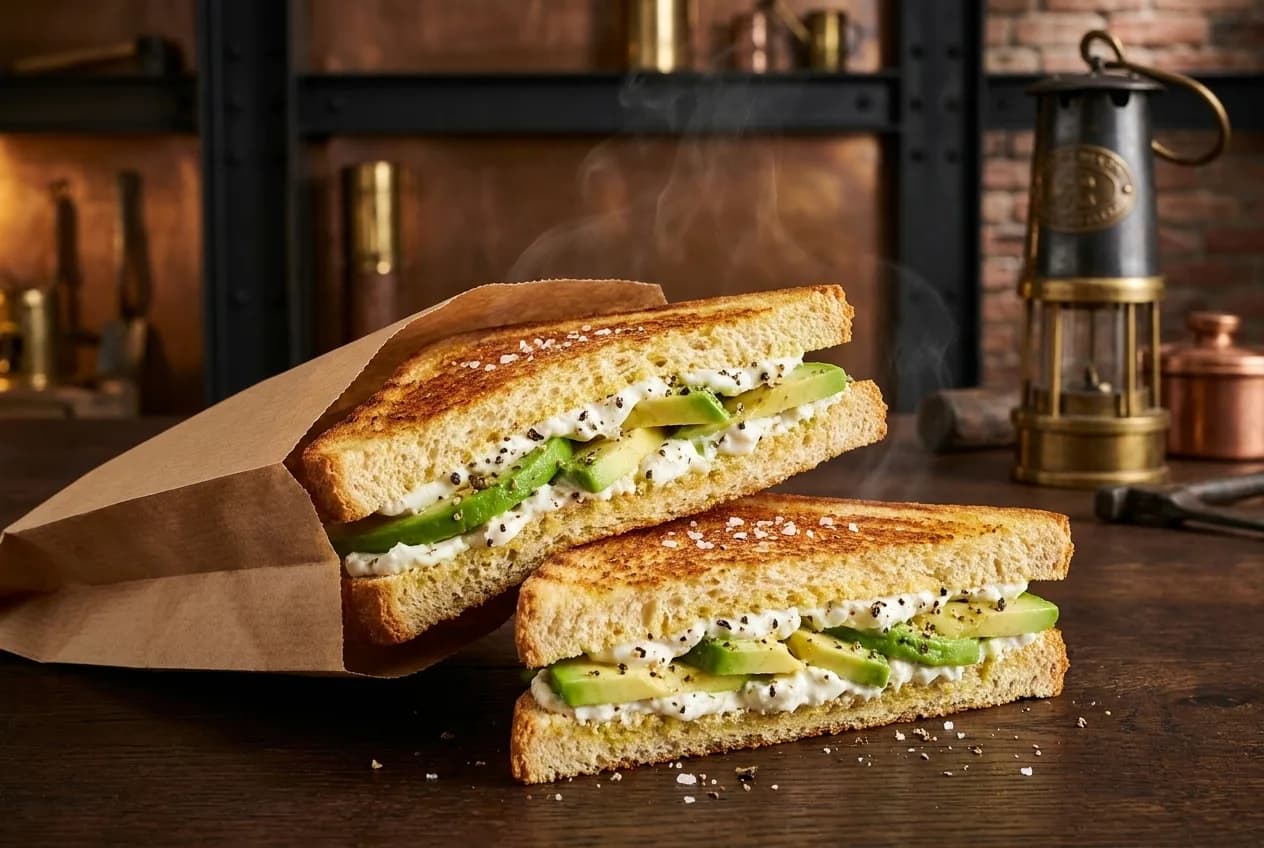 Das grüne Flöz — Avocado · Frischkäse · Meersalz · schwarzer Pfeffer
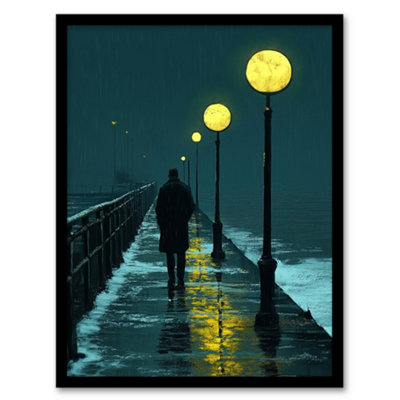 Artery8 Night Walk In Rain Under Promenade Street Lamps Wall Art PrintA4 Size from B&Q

______

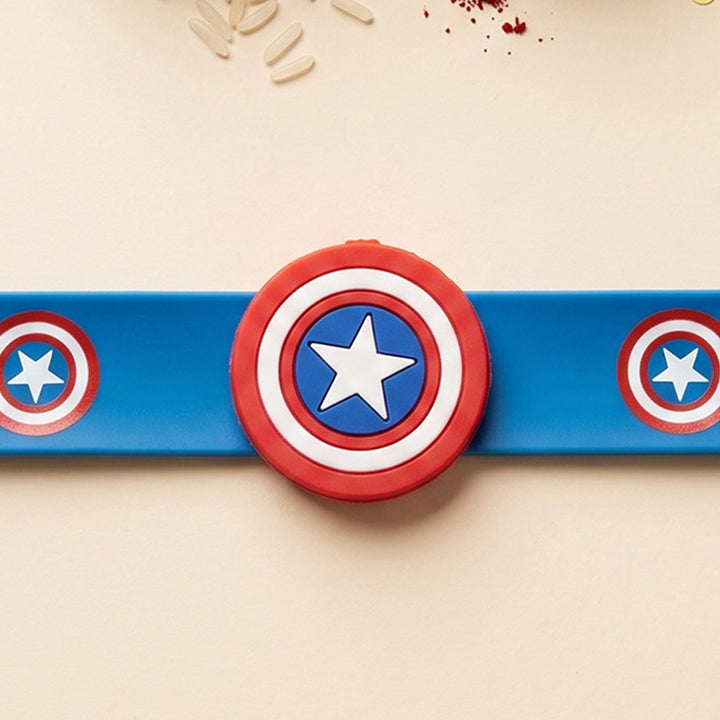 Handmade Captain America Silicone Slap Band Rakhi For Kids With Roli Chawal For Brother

______

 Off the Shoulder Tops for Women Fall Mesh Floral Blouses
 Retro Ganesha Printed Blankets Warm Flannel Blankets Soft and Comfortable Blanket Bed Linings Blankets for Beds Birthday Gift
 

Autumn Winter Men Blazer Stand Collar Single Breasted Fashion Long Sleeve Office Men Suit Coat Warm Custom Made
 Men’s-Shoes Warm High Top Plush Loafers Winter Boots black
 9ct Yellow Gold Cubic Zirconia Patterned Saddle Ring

______

Give only the lines from the one holding "Retro Ganesha Printed" through the one holding "9ct Yellow Gold", each restated exactly as it appears above.

 Retro Ganesha Printed Blankets Warm Flannel Blankets Soft and Comfortable Blanket Bed Linings Blankets for Beds Birthday Gift
 

Autumn Winter Men Blazer Stand Collar Single Breasted Fashion Long Sleeve Office Men Suit Coat Warm Custom Made
 Men’s-Shoes Warm High Top Plush Loafers Winter Boots black
 9ct Yellow Gold Cubic Zirconia Patterned Saddle Ring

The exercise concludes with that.